Depuis le 1er juillet dernier, c'est au tour du Portugal de prendre la présidence de l'Union Européenne. Sa principale tâche fera de faire aboutir la conférence inter-gouvernementale sur le nouveau traité institutionnel de l'Union Européenne, dont les contours ont été fixés lors du sommet de Bruxelles en juin dernier. Alors que la situation politique intérieure de la Pologne est très agitée, arriver à un accord ne sera sans doute pas évident, vu que ce fût le pays qui avait posé le plus de problèmes au sommet de Bruxelles. Confronté à une surenchère nationaliste lors d'élections anticipées par une crise gouvernementale, les frères Kaczynski ne risquent pas de faciliter les choses, s'ils sont encore au pouvoir au moment où cette conférence se déroulera.
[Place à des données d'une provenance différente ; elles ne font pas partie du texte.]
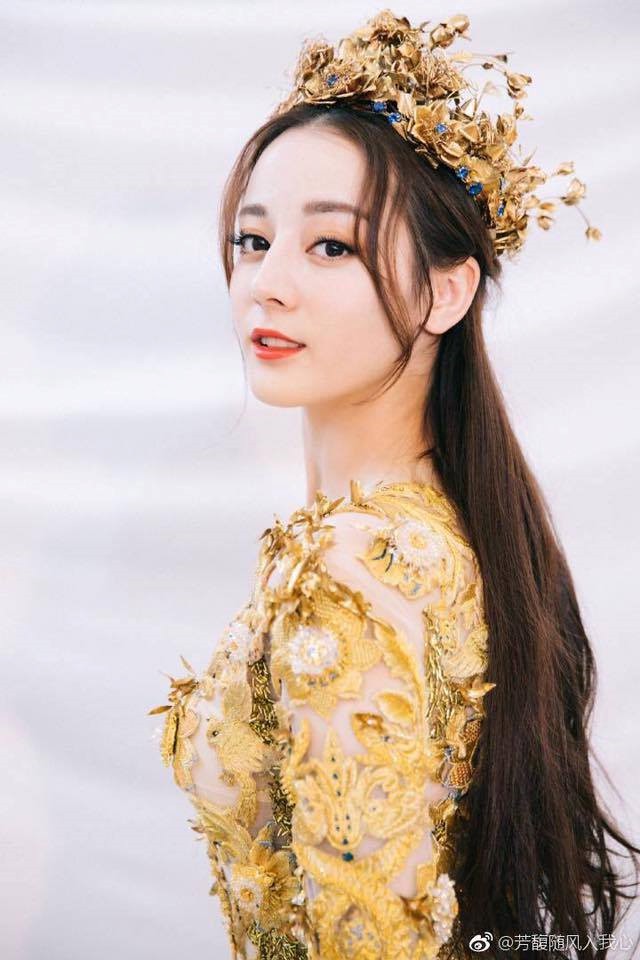 
Ê-kíp của Địch Lệ Nhiệt Ba cũng tung ra hình ảnh hậu trường xinh đẹp của mỹ nhân Tân Cương. Nữ thần Kim Ưng là danh hiệu có từ năm 2006, dành cho ngôi sao nữ có nhiều thành tích xuất sắc và tầm ảnh hưởng lớn trong 2 năm liên tiếp.

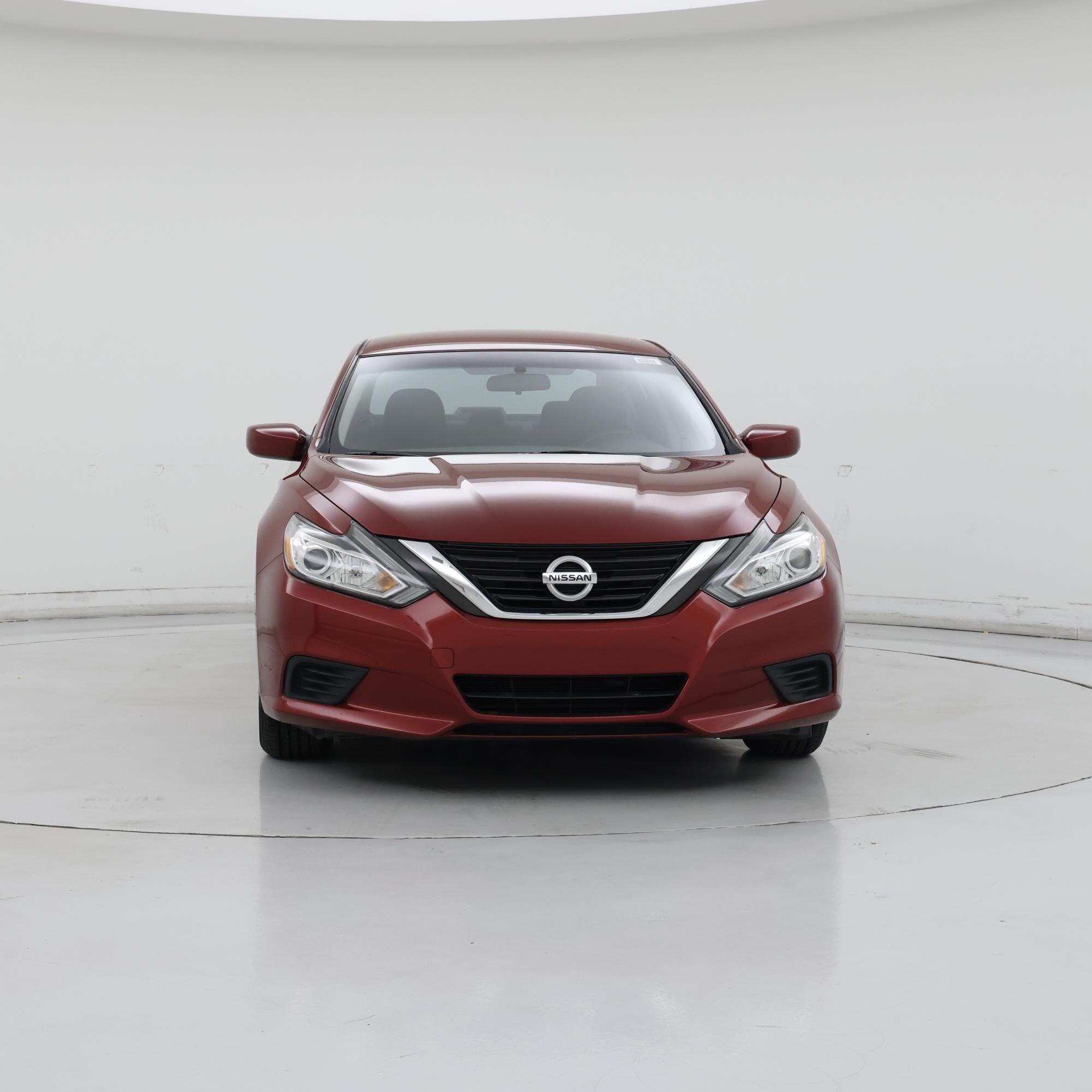 Thumbnail: 2016 Nissan Altima - 5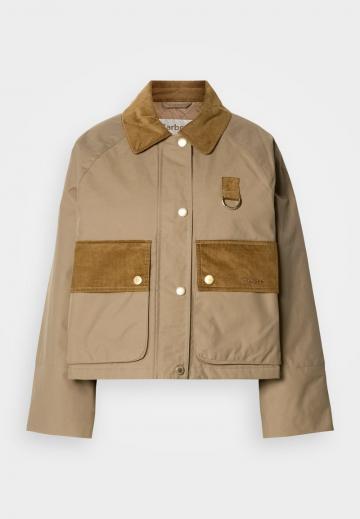 Куртка с накладнымит карманами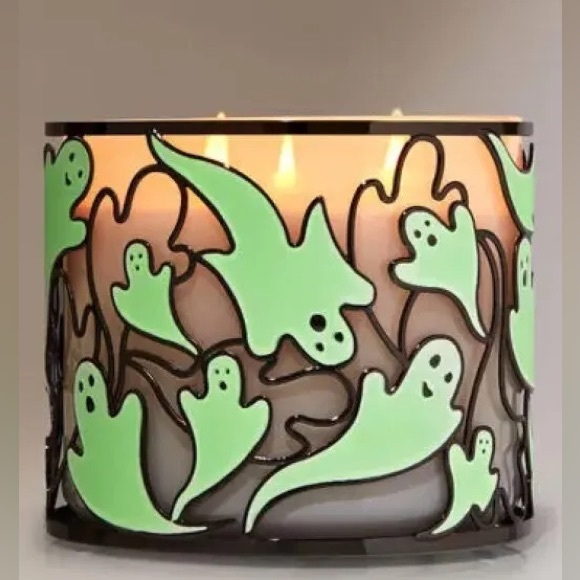 Bath & Body Works Other - EUC Bath & Body Works Glow in the Dark Ghosts Candle Holder Sold Out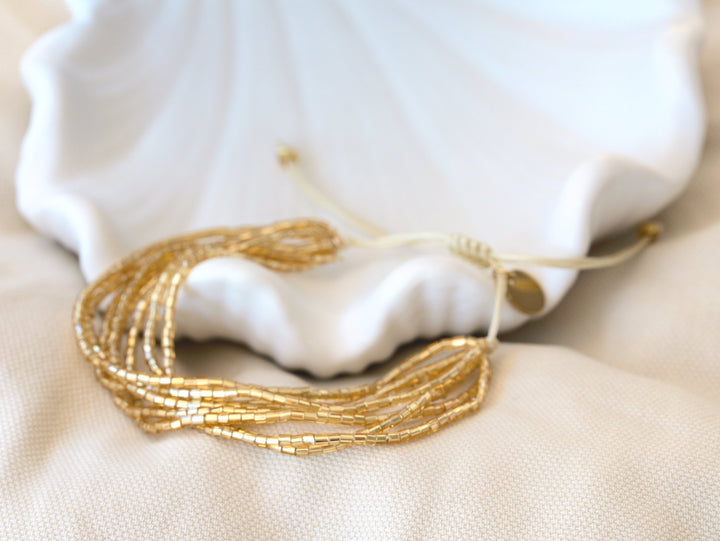 Fertiges Miyuki Perlenarmband kaufen, Boho Armband mit Glasperlen für junge Frauen von Alicia's Diary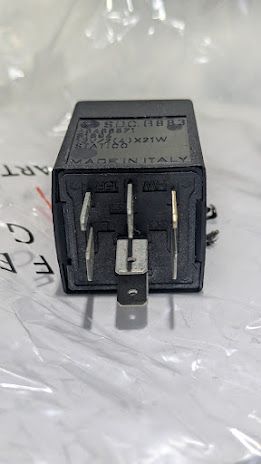 Ferrari 360 456M 550 575M SPIDER PART TURN SIGNAL RELAY FLASHER 171375 170762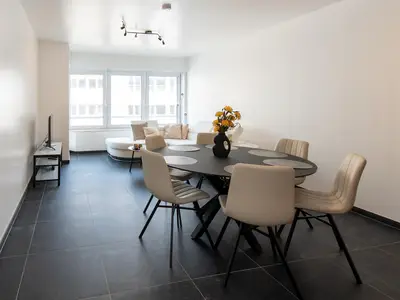 DiningRoom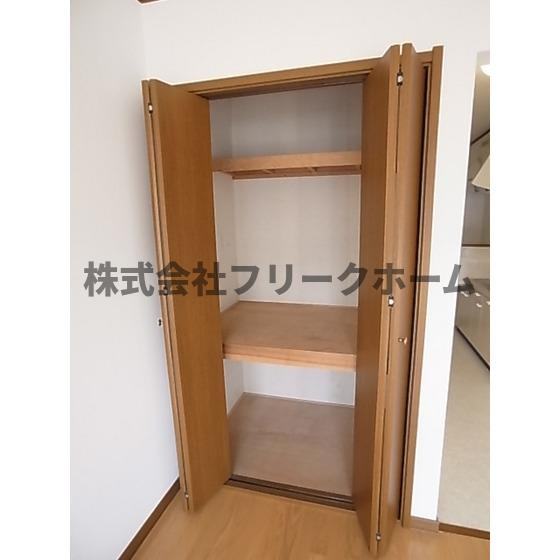 武蔵野市吉祥寺本町４丁目のアパートの収納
Ce sera au Premier ministre portugais, José Socrates, d'avoir les talents de négociateur nécessaires pour que le traité soit correctement achevé. Ce socialiste est arrivé au pouvoir il y a deux ans de cela, dans un pays qui ne va pas bien économiquement. Alors que le reste de l'Europe dispose d'une économie robuste (la France mise à part évidemment, ainsi que l'Italie), le Portugal connaît des taux de croissance faible, inférieurs à 2 %. De plus, l'état de ses finances publiques le met en difficulté vis-à-vis du Traité de Maastricht, qu'il doit respecter en tant que pays utilisant l'euro comme monnaie nationale.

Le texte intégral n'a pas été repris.